Jessica Stone: I see the DEI movement moving away from quotas and toward collaboration and creating opportunities for understanding. Though, I still think we have a long way to go.
In corporate DEI programs, it’s common to create resource groups where underrepresented people can join, get together to celebrate their culture and identity, and look to each other for support. These are wonderful initiatives—but where in your company are you creating space to bring those groups together?

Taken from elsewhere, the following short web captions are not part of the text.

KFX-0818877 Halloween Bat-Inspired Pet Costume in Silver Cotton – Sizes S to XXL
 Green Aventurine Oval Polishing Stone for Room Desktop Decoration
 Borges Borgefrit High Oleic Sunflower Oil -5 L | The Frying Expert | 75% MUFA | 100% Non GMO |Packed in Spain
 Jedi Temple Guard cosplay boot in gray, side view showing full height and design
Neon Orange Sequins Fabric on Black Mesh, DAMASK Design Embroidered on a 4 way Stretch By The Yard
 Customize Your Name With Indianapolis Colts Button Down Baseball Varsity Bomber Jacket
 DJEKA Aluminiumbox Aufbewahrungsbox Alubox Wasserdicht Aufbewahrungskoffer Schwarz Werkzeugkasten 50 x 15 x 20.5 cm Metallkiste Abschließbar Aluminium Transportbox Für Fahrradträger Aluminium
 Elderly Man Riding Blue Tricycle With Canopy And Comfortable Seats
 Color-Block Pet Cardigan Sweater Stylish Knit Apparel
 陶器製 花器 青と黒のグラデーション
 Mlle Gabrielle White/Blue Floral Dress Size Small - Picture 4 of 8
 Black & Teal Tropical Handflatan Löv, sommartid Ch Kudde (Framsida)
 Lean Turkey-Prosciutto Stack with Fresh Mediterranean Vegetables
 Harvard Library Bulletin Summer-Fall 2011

Are you setting goals and team building, where employees have to accomplish things and work across cultural, racial, ethnic, and religious lines? Are you emphasizing your goals with enough specificity and consistency, so that your employee resource groups know that there is a commonality? If they can find no other common ground between them, they should be able to find the goals of your company as common ground; what you want to produce, how you want to produce it, how you want to sell it, how you want to market it, and where it’s going to be sold.
“I urge employers to expand their definitions of DEI to include culture and to create an ethos where curiosity is welcome.”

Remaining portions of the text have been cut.